Making Memories is designed as an interdisciplinary project anchored in the humanities and informed by cultural memory theories. Our empirical material covers aesthetic articulations from different arts and media, and our team has a strong and differentiated expertise. An interdisciplinary design of the project is necessary because we not only intend to analyse and discuss separate works, but also explore their interrelationship and dynamic dialogue. This choice is justified by the definition of cultural memory as a product of representations and performances shaped by circulation, communication and competition between arts and media in the public sphere. It must be approached as meaning-making acts with multiple participants and analysed in an overarching perspective.

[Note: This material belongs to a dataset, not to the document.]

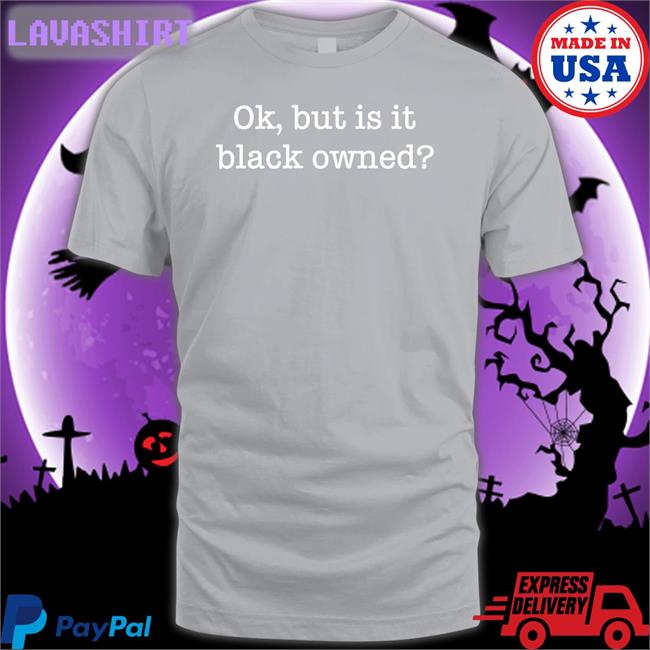 Ladysideshow Ok But Is It Black Owned Tee Shirt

To include interpretations of different aesthetic articulations – from avantgarde theatre to blockbuster movies – in a perspectivist, interdisciplinary approach is the essence of the project.

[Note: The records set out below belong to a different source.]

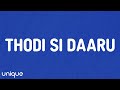Thodi Si Daaru Lyrics AP Dhillon Shreya Ghoshal Tara Sutaria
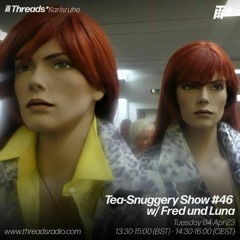 Tea-Snuggery Show #46w_Fred und Luna(Threads*Karlsruhe)-04-Apr-23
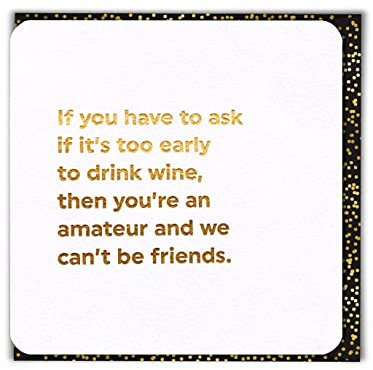 Brainbox Candy - Funny Cheeky Banter Happy Birthday Card - 'Too Early To Drink Wine' - Perfect For Best Friends Mates Him Her Boyfriend Girlfriend Partner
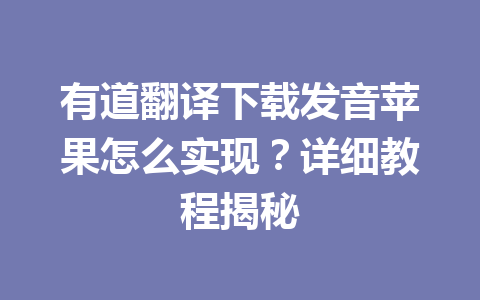 有道翻译下载发音苹果怎么实现?详细教程揭秘 有道翻译下载发音苹果怎么实现?详细教程揭秘 一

We identify three central issues, corresponding to work packages 1, 2, and 3. Read more about these below, and in the section for work packages.
Postmemory
The voices of today no longer belong to, or are committed to, the first generation of lived experiences. This situation means that contemporary stories and interpretations are second, third, or fourth hand, and thus mixed up with representational strategies and genre conventions from different pretexts. Aesthetic articulations of WWII are also often adaptations from one genre or medium to another, or heavily informed by non-fiction material. As such, they either tend to provoke harsh discussions about historical veracity versus fictional freedom or smoothly tie in with perceptions and prejudices without making much ado. In the first case, discussions revolve around questions of empirical facts and interpretations of past events, often initiated by historians who respond to what they see as incorrect information or unfortunate misrepresentations. In the second case, fictional forms manage to articulate the past in words and images that seem plausible and real to such an extent that they avoid objections. Contemporary aesthetic articulations tend to use this past-present and fiction-fact dualism not as a schematic opposition but as a paradigm to be both questioned and deconstructed. A pressing knowledge need is to understand these articulations as formative agents in dynamic reconsiderations of the past.
Postnationalism
The discourses and representations of WWII are often closely connected with notions of nationality. Post-war memory constructions in Norway were for a long time dominated by narratives about heroic achievements and the restoration of national independence. Aesthetic articulations today are still addressing national issues, but these are now contested in the public debate and challenged by counter- and polyvocal narratives. In the first case, discussions revolve around ways of representing key actions and symbolic ambassadors in the history of the nation, such as the sabotage action at Vemork and King Haakon’s refusal to resign. In the second case, stories from other perspectives occur, notably the destiny of the Norwegian Jews, the stories of women who fell in love with German soldiers, or the disastrous events in Northern Norway. Contemporary aesthetic articulations tend to use these stories and symbols to reconsider the strength of local and transcultural memory at the expense of, or in contrast to, national identities. It is important to understand this dynamic and analyse the web of nation-addressing narratives as well as their construction and deconstruction of collective identities.
Post July 22
The events of WWII are often used as a reference when acute societal crises occur. “Never again” and “Not since” as well as a unity targeting rhetoric of “we” and “our common past” are frequent formulations when WWII is called on in public discourse. Exactly this rhetoric was activated in the aftermath of July 22, 2011, when the terror attacks, conducted by a Norwegian right-wing fanatic, took place. Governmental representatives and other politicians compared the two crises in a unifying effort which quickly revealed a not so uniform picture. Mourning and remembering practices became issues of disagreement and conflict, and the monumental “we” dissolved in many different subjectivities. Interestingly, this comparative force continues to emerge in aesthetic articulations, hypothetically implying that an acutely felt threat in the present (terror) has a long-term cultural impact comparable to a war or is rooted in the past. A pressing knowledge need is to understand how the proposed relationship between WWII and July 22 whirls up a plethora of adversative responses, and how it addresses neo-nationalist and potentially anti-democratic developments.